The curried monkfish fillet (£17.95) is another weirdo with decent lumps of fish on dead greens having a scrap with a pineapple salsa... and is that watermelon there? It's a bit cold as well. The cauliflower pakoras with this aren't bad as it happens.
At least the rib eye (£27.50) and the fillet (£29.95) are more or less un-reconstructed. The cuts are from Cumbrian Charolais beef, rare breed stuff, and are good but a little lacking in character. Sauces are decent too, while the sides of truffle fries (£3.95), skinny fries (£2.95) and spring vegetables (£4.50) all work.
Of course when we get to pudds the Bakewell tart (£7.50) isn't really a Bakewell tart but is sweetness and tartness and with rhubarb, pistachio and clotted cream. At least the cheeses, a fine Lancashire from Mrs Kirkham's, a lovely Blackstick's Blue and so on are reassurringly normal. The wines and other drinks such as a fine vodka martini show there is no problem in that department.
But overall I have no idea what Honey Restaurant is up to and I went twice to make sure I wasn't being hasty.
Out of the windows high in Honey Restaurant you can see into the former space of Room Restaurant. They used to deconstruct, say, a fish and chips or a hotpot very cleverly, and when they did so they had the waiting staff explain what was about to happen. This gave customers the option to gather their belongings and leave if it all sounded too crackpot.
Here there is no explanation. Just confusion. The kitchen seems confused, the staff seem confused, the customers are utterly bewildered. Then the bill comes and punters realise this place is expensive too.
Maybe customers are paying for the location.

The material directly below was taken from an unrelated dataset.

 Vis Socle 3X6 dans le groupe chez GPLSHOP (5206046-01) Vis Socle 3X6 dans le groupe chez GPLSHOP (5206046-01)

Because this is utterly splendid. The room in the restaurant is relatively modest in terms of decoration but you don't even notice it to begin with, instead you gaze through the arched windows at the city outside. There is a real heart of the city feel.
Then the food arrives and it all goes south.
The whole problem with Honey Restaurant stems from the 'concept' behind the hotel which buries everything in its path.
Themes can be bled dry until they become the zombies of design. A funny idea half pissed on a late Friday boardroom meeting becomes so set in stone no-one dare tell the CEO to stop running with it until the dream piles up in the corner like a pile of disgarded luggage that is not a pile of real discarded luggage but a 'sourced' pile of 'themed luggage'.
There is a lot of abandoned mood-setting olde worlde luggage piled in corners at Gotham including in the wonderful bedrooms which might be a problem if you get back late one night drunk and decide to look for your toothbrush. "Ish it in thish bloody case (hic)? Or thish bugger here?"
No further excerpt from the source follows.